• _Excerpted records_
------

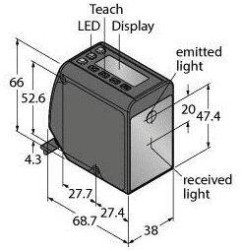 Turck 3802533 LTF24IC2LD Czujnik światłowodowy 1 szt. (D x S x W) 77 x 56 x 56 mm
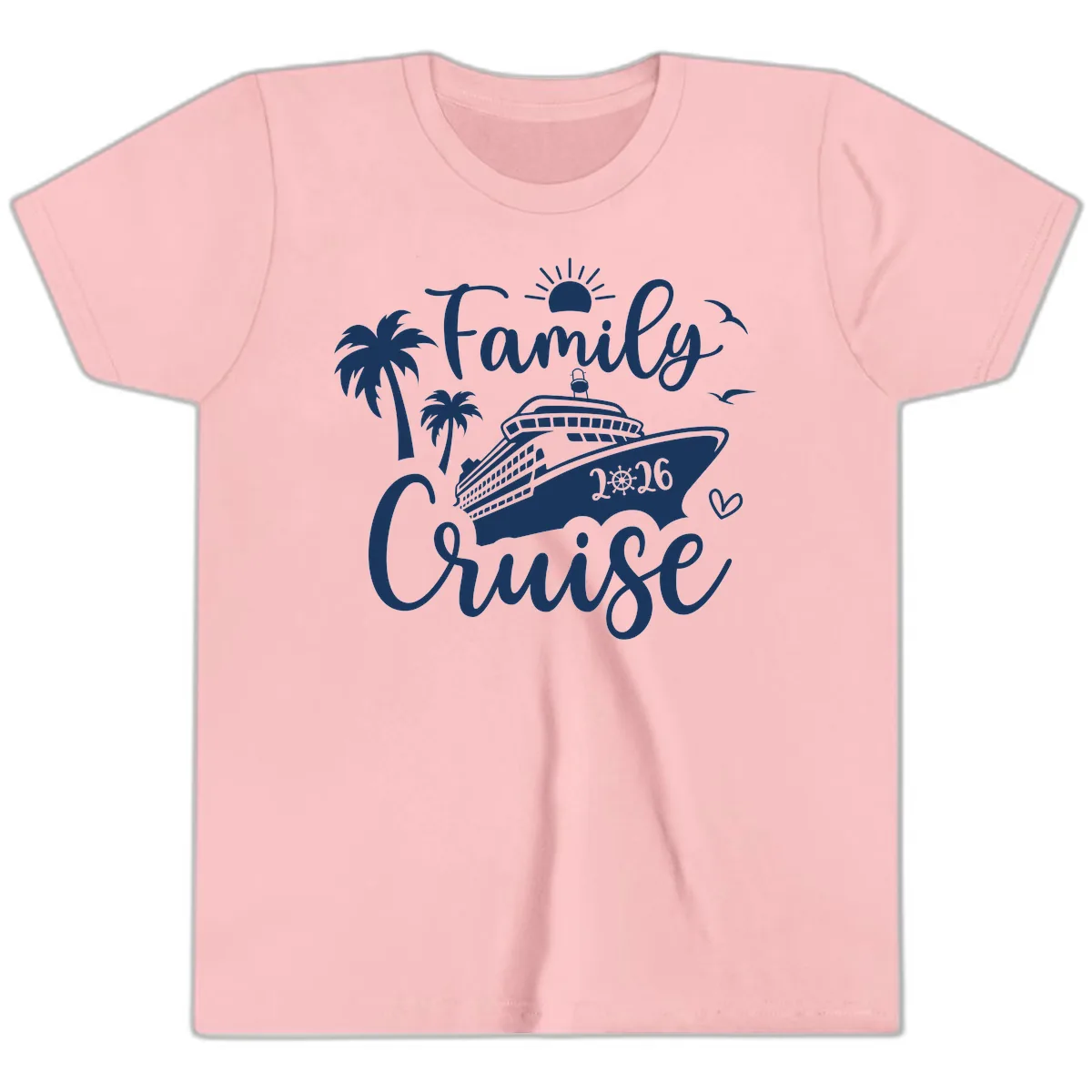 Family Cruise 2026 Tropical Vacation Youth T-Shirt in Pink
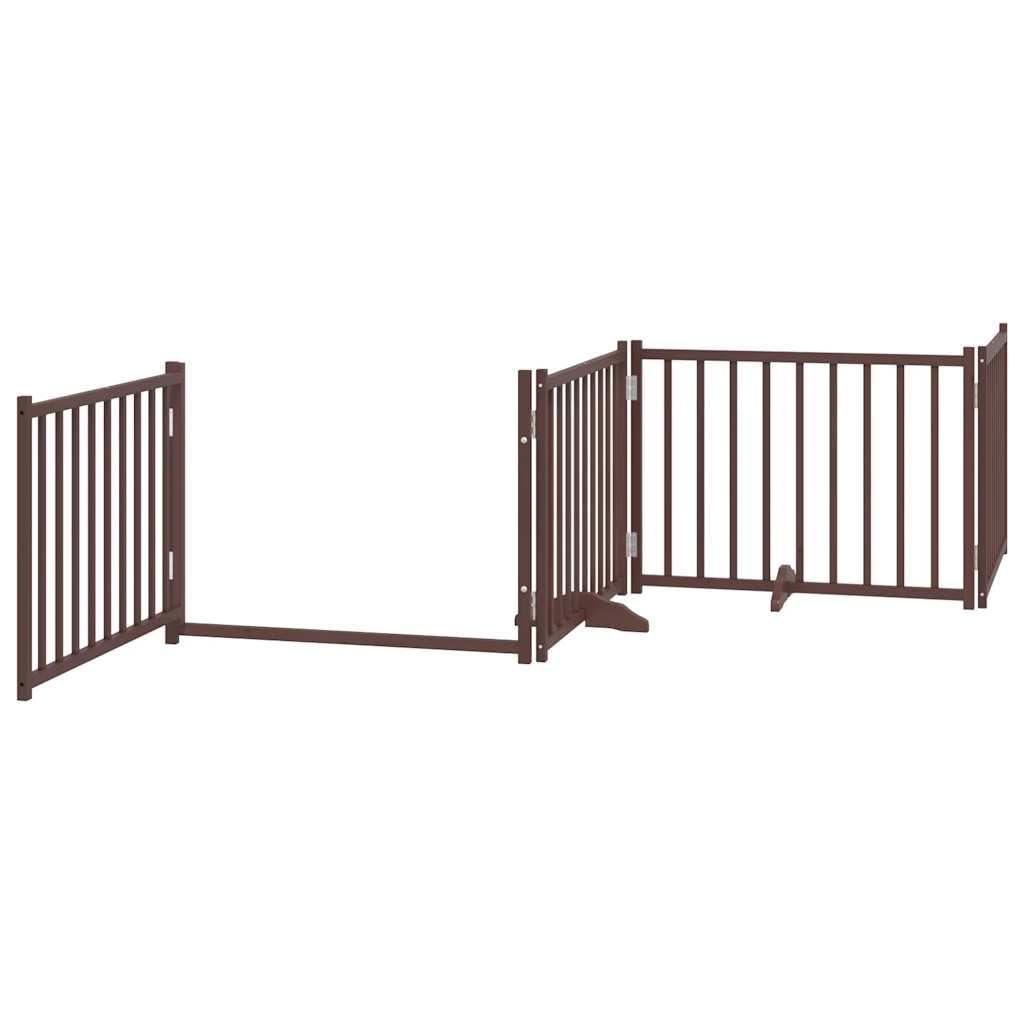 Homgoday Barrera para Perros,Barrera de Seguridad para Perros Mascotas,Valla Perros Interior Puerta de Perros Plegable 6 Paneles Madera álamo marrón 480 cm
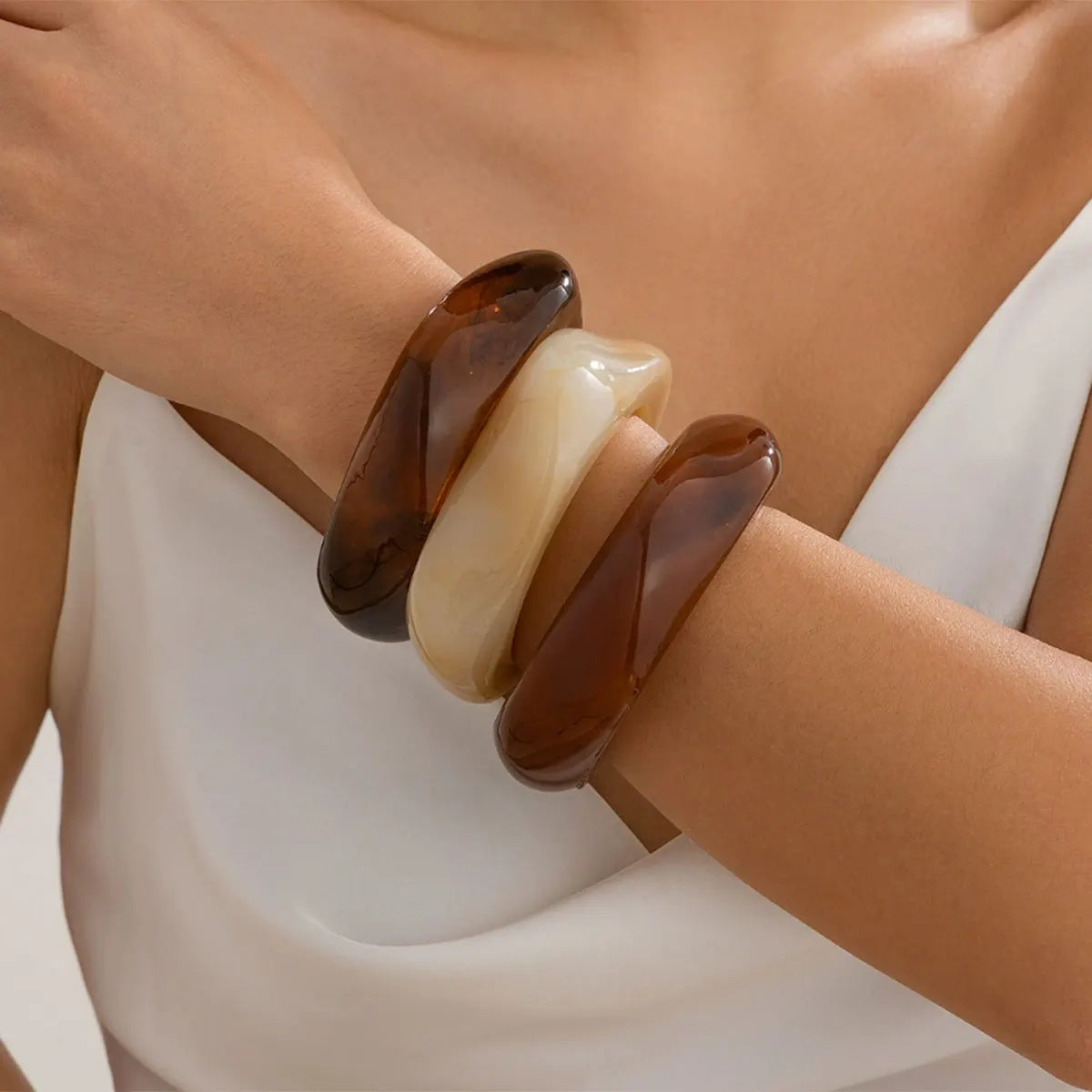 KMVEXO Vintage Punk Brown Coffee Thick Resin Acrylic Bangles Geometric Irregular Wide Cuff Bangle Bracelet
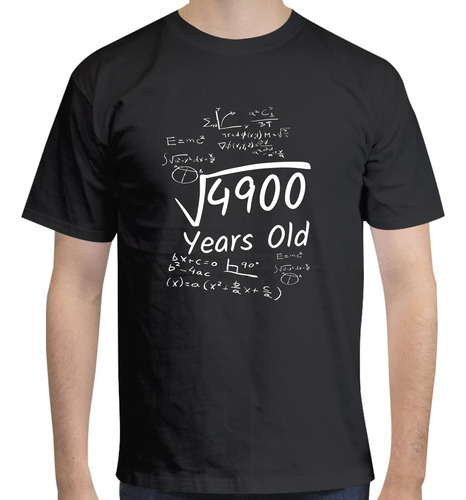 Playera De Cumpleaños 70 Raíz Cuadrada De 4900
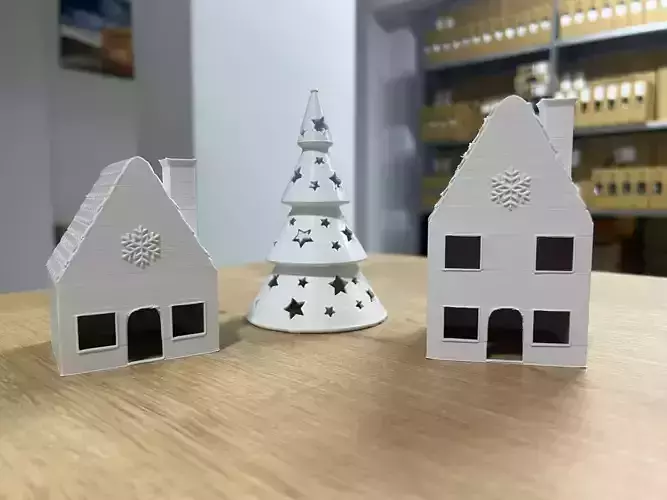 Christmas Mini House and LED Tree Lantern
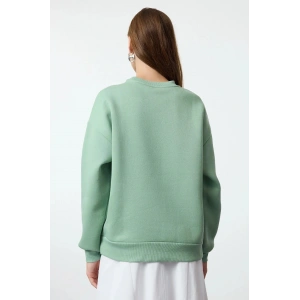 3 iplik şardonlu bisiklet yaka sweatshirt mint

------

Each of the entries above must be output exactly, with none of the pictures.

 Turck 3802533 LTF24IC2LD Czujnik światłowodowy 1 szt. (D x S x W) 77 x 56 x 56 mm
 Family Cruise 2026 Tropical Vacation Youth T-Shirt in Pink
 Homgoday Barrera para Perros,Barrera de Seguridad para Perros Mascotas,Valla Perros Interior Puerta de Perros Plegable 6 Paneles Madera álamo marrón 480 cm
 KMVEXO Vintage Punk Brown Coffee Thick Resin Acrylic Bangles Geometric Irregular Wide Cuff Bangle Bracelet
 Playera De Cumpleaños 70 Raíz Cuadrada De 4900
 Christmas Mini House and LED Tree Lantern
 3 iplik şardonlu bisiklet yaka sweatshirt mint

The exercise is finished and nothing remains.